If your end state is ZFS on Proxmox, a very common “boring-hard” posture is:
- Controller in HBA mode (pass-through-ish visibility; exact wording varies by generation/features)
- Redundancy and scrubbing owned by ZFS (
mirror,raidz1,raidz2, …)
Why bother?
-
Per-disk telemetry becomes honest enough to operationalize (scrubs,
zpool status, SMART monitoring tools). - You stop fighting RAID abstraction every time a disk misbehaves slightly.
How you flip modes depends on policy and hardware support: System Options / Smart Storage at POST, and/or vendor CLI patterns like:
ssacli ctrl slot=0 modify hbamode=on
Hard stop warning: changing modes / deleting logical drives is data destructive if you do not have backups and a rebuild plan. Treat this as a change-managed migration, not a blog-copy-paste stunt.
After HBA, this often becomes pleasantly boring:
smartctl -a /dev/sdX
No cciss,N roulette—assuming the OS now sees each physical path cleanly.
When HBA + ZFS is not the automatic answer
Plenty of shops must stay on hardware RAID: corporate standard, support contract language, legacy monitoring that expects logical drives, boot disks already tied to an array, or a storage team that simply will not own filesystem-level redundancy. In those worlds, you can still audit with ssacli and smartctl -d cciss,N—you just may not get the same “naked disk” clarity ZFS operators chase. HBA + ZFS here is the path I chose because I control the full stack and wanted per-disk truth for a Proxmox build—not a universal mandate for every Gen9 still under a storage silo’s policy.

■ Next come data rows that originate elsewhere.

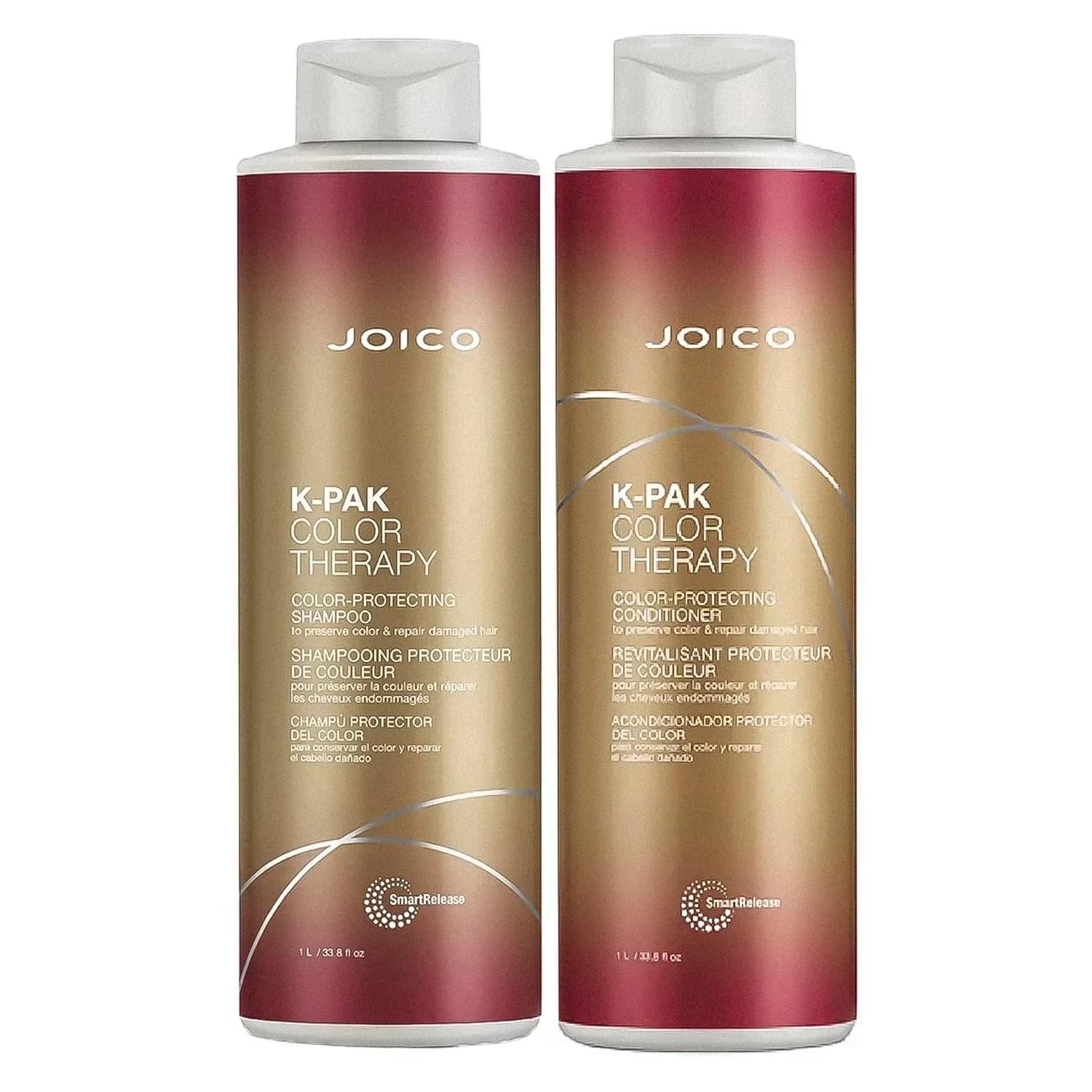 Joico Kit Condicionador Pak Color Therapy SHAMPOO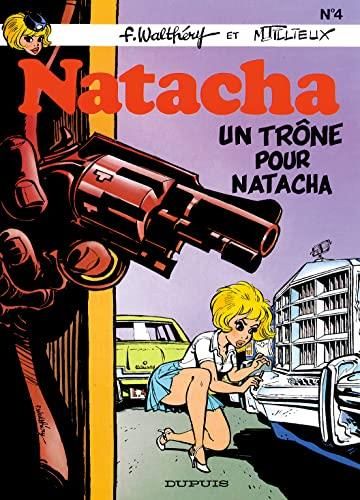 Natacha - t04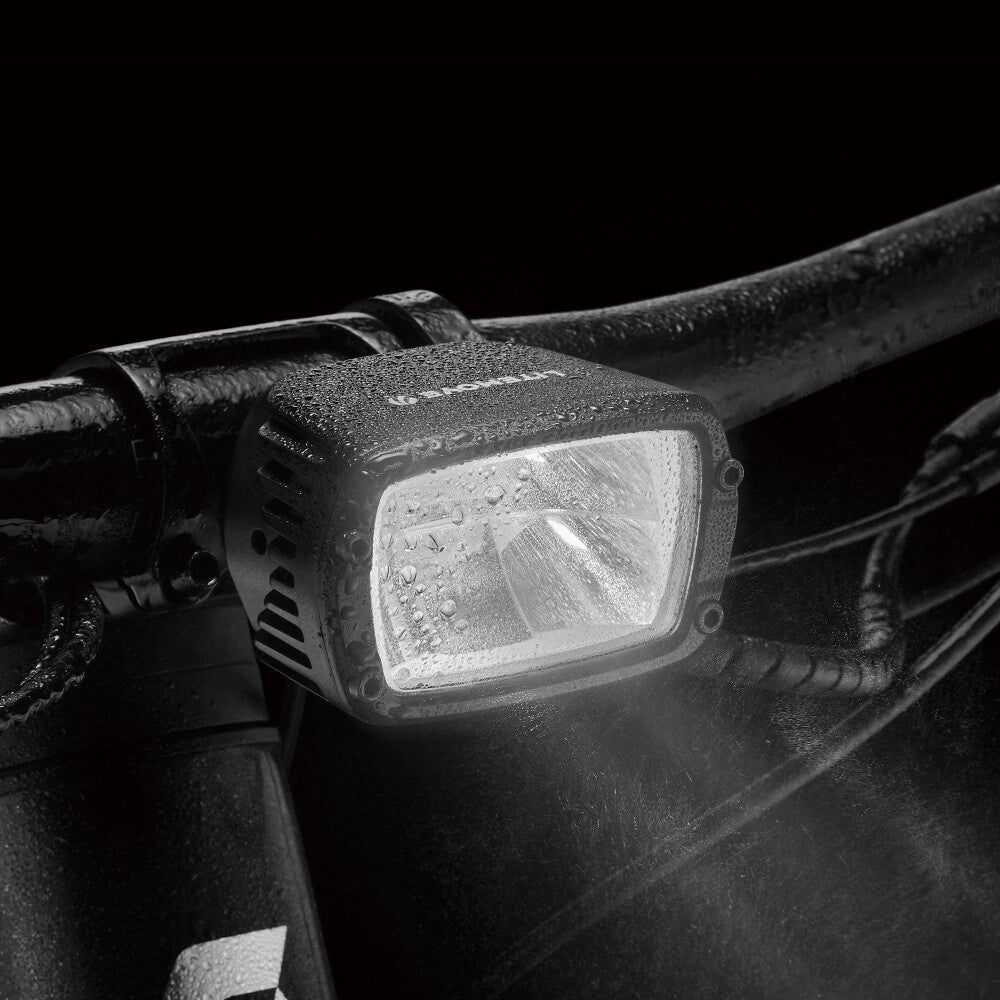 Frontlicht mit Fernlicht RXW-2900 Lenkerhalterung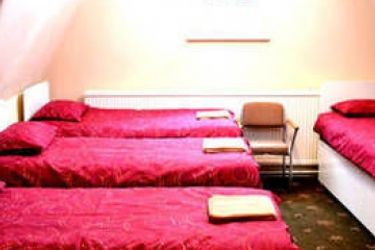 Hotel Express Rooms Newcastle:  NEWCASTLE UPON TYNE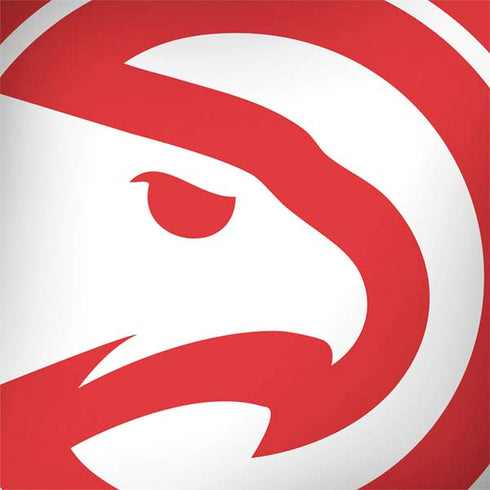 NBA Atlanta Hawks Largo Logo Surface Book 2 15in Skin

Act 5: When “almost zero hours” is the least interesting field
We eventually read a batch that looked “unused” by hours—think well under a few hours—yet the story fell apart on cross-checks:
Lot scope (so this is not a single bad apple): the procurement batch was ten drives. One drive was operationally unusable—the extreme ECC case detailed below. Across all ten, cross-checks showed telemetry and/or physical labels inconsistent with genuinely new, factory-sealed stock (low reported hours paired with old manufacture windows, label vs firmware/DOM mismatches, or corrupted manufacture strings). That is a systemic documentation smell for the lot, not just one marginal unit—while still not proving who altered what upstream.
1) Manufacture hints vs “baby disk” narrative
If the drive cheerfully reports very low power time but also exposes manufacture windows from a decade-ish ago, you should pause. That combination is compatible with counter hygiene in the supply chain—not with assumptions of brand-new factory stock.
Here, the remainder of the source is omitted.